Yesterday I got an email from a friend in which she commented that she was glad I was able to do my nesting stuff—bake cookies and bread, make soup, and that kind of stuff. These were things that I was looking forward to doing once we settled back down after our summer on the road. Reading her email, I was struck by the thought that I am really a seasonal creature. This is the time of year when my nesting self comes vaulting to the forefront and I eagerly look forward to days spent doing that kind of domestic stuff. This fall I am aided in these activities by the great farmers that appear at the market not far from our house three times a week. They offer great and varied produce at good prices and the opportunity to talk to the people that grow the food. There is something very satisfying about smelling a crock pot full of soup and bread in the oven. And beyond that, there is nothing more wonderful to me than sitting in a comfortable spot on a winter day with a big mug of hot, strong, black tea, a good book, and a crochet project. I live for those times. And every year sometime in September, I feel myself starting to crave those days. The leaves turn and my attention turns with them.
I am not really sure what exactly makes it so different. The fact is, whether it is December or April, I can be found with a big mug of hot, strong, black tea, a book and a crochet hook. But it's different. It feels different. By April, I getting restless. I usually get depressed in April because I know what's coming—summer. I feel lethargic instead of energized as I do in winter. Cooking and baking sometimes seem like chores I would rather not have to do. I feel myself getting agitated. The whole vibe of my life is completely different.

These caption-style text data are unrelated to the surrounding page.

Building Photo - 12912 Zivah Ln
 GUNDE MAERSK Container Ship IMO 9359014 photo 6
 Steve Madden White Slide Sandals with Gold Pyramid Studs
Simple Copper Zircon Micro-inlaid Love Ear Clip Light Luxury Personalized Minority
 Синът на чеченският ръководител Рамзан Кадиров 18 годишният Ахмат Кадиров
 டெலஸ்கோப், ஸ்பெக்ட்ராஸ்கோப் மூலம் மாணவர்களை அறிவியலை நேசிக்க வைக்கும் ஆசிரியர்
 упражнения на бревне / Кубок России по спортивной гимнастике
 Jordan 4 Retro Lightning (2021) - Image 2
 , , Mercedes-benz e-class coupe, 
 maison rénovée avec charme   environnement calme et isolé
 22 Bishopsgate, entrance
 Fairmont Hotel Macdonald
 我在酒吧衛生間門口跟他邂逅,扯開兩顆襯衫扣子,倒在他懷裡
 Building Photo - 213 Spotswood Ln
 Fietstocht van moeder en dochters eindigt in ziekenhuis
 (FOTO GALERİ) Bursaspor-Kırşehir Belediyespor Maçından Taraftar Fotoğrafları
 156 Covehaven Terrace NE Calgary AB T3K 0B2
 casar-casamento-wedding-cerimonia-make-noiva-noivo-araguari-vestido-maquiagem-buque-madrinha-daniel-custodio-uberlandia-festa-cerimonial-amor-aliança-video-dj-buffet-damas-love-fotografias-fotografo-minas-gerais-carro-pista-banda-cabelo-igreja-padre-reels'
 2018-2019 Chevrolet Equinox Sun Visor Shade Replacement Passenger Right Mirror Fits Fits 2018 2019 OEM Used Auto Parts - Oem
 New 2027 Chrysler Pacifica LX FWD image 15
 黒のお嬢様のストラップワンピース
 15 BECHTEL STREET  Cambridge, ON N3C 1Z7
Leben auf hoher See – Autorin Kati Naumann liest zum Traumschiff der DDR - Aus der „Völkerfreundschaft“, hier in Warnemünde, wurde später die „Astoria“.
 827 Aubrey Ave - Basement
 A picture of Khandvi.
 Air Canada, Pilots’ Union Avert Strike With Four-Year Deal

As I think back on our summer on the road, I can see how this works. It was a good summer. I usually do not use the words “good” and “summer” in the same sentence. Usually summer is a season to be endured. I grit my teeth in April and start counting down the days until it is over. Literally. Oh, I would do stuff, of course, but underlying everything was a sense of unease. I found it hard to ever feel relaxed or peaceful. That's part of the reason why the fall and winter months are so important to me—that is when I relax and try to save as much of it as I can for summer when I would typically feel the constant hum of agitation vibrating under everything. But this summer, that wasn't really there. I can't honestly say that I love summer. But I was on the road, exploring new places, living outside, and, as I see now, generally doing summerish things.
I always feel restless starting in the spring in the same way I start feeling the need to nest in the winter. I feel like I will jump out of my skin. And this summer, instead of enduring, I moved. I was often uncomfortable because it was too hot. There was no fan or air conditioner to take the edge off the heat when it was close to 100 degrees in Spokane and we had a tent site at a campground with no shade. It was not pleasant. I didn't like it. But I was not humming with agitation. It simply was what it was. It was summer. It was not my favorite time of the year. But summer is hot and sunny and that's the way it is. I had reached a place of acceptance. Maybe I would have felt it anyway, even if I had not left Klamath Falls and embarked on this trip, for no other reason than I am not the same person I used to be. I have worked hard at maintaining an attitude of acceptance and non-attachment. But I really think that a big part of it was me paying attention to what I needed. I was restless and I moved instead of hunkering down in front of a fan and waiting for the misery to pass. By the end of the trip, I was looking forward to settling in and making soup. In April, I expect I will be jumpy again. So I need to pay attention to that and live with the seasons. Whatever the reason, I was very grateful to be having a different kind of summer. And now I am grateful to be making soup.